* About this task *
Retype, without changes, every line from the line that contains "X 2 Healthy" through the final line of the records. Exclude pictures.

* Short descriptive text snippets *
################

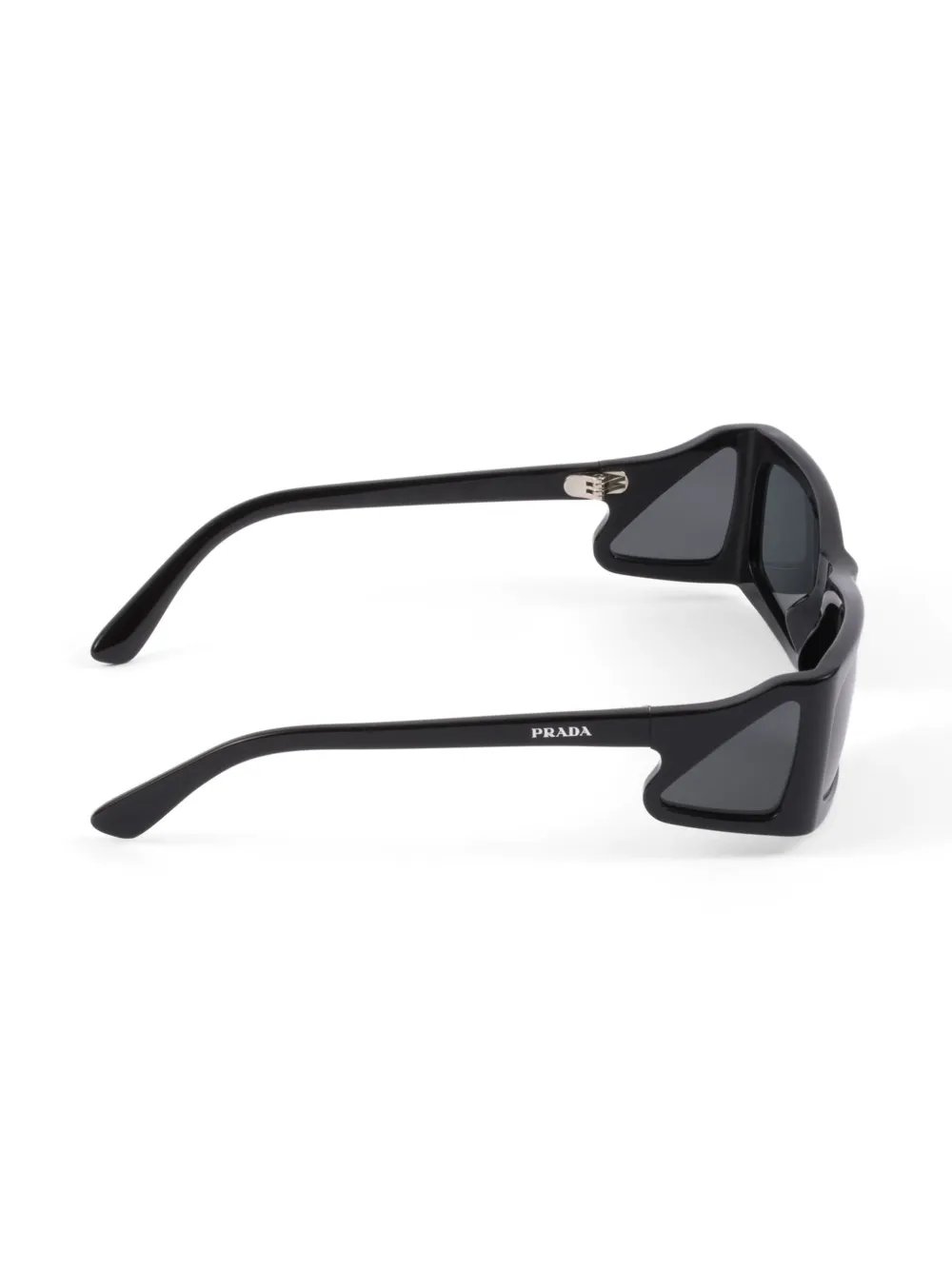 Prada Eyewear Zonnebril met rechthoekig montuur Zwart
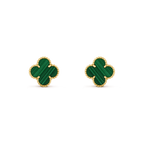 ¡®Imperial¡¯CLOVER MEDIUM 1 MOTIFS MALACHITE  EARRINGS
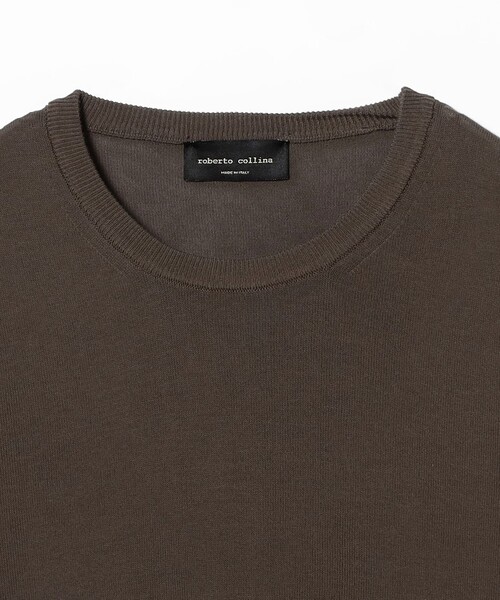 ROBERTO COLLINA サマーニット カットソー 長袖 roberto collina｜ロベルトコリーナ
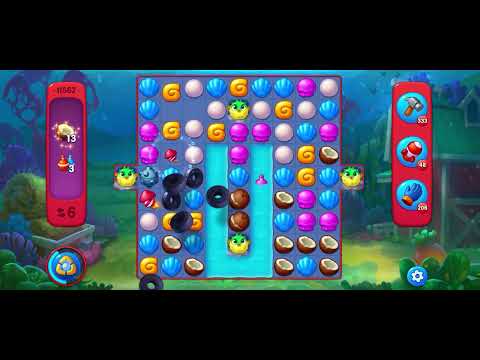 Fishdom Hard level 11562 no boosters フィッシュダム ハード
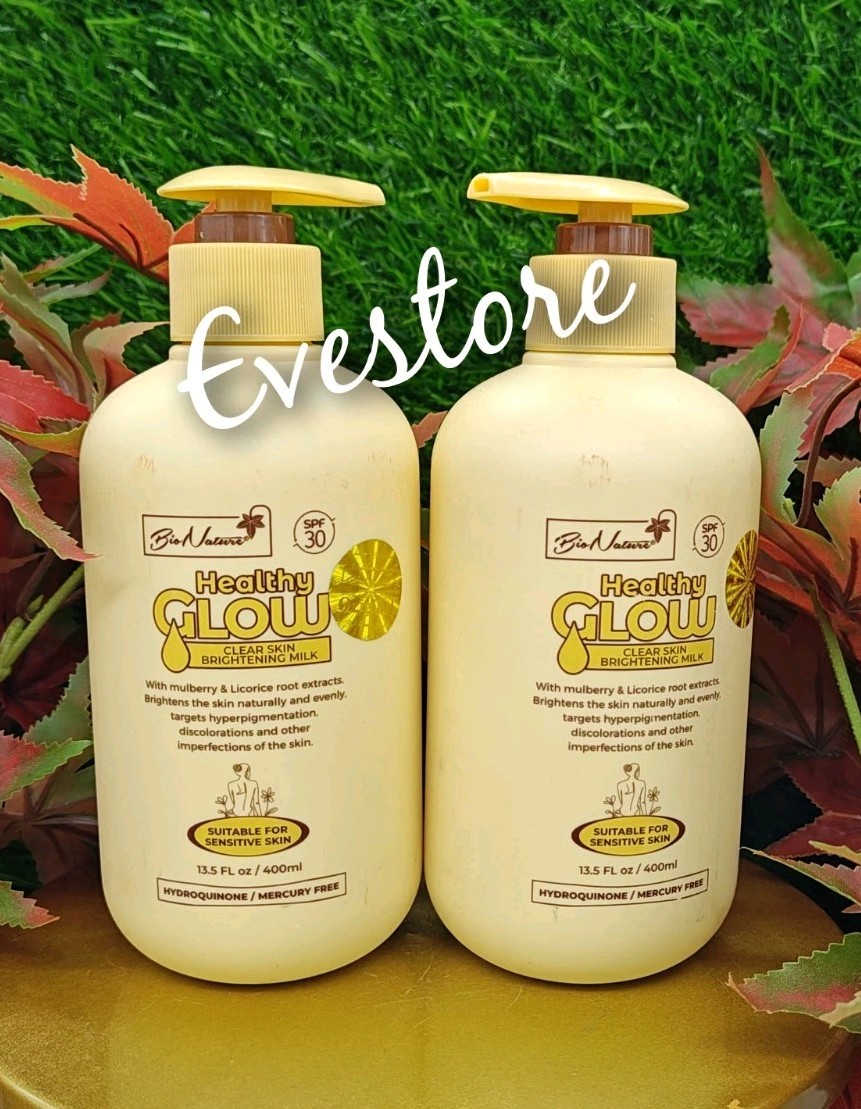 X 2 Healthy Glow Milk mulberry & Licorice Lotion Bio Nature 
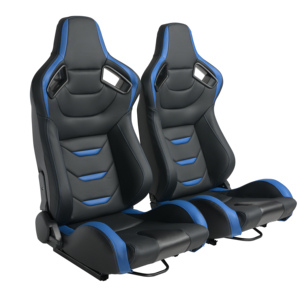 JIABEIR 1054B bleu cuir de haute qualité réglable simulateur Sim baquet sièges de course de voiture - Product Image 1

################

* Your response *
 X 2 Healthy Glow Milk mulberry & Licorice Lotion Bio Nature 
 JIABEIR 1054B bleu cuir de haute qualité réglable simulateur Sim baquet sièges de course de voiture - Product Image 1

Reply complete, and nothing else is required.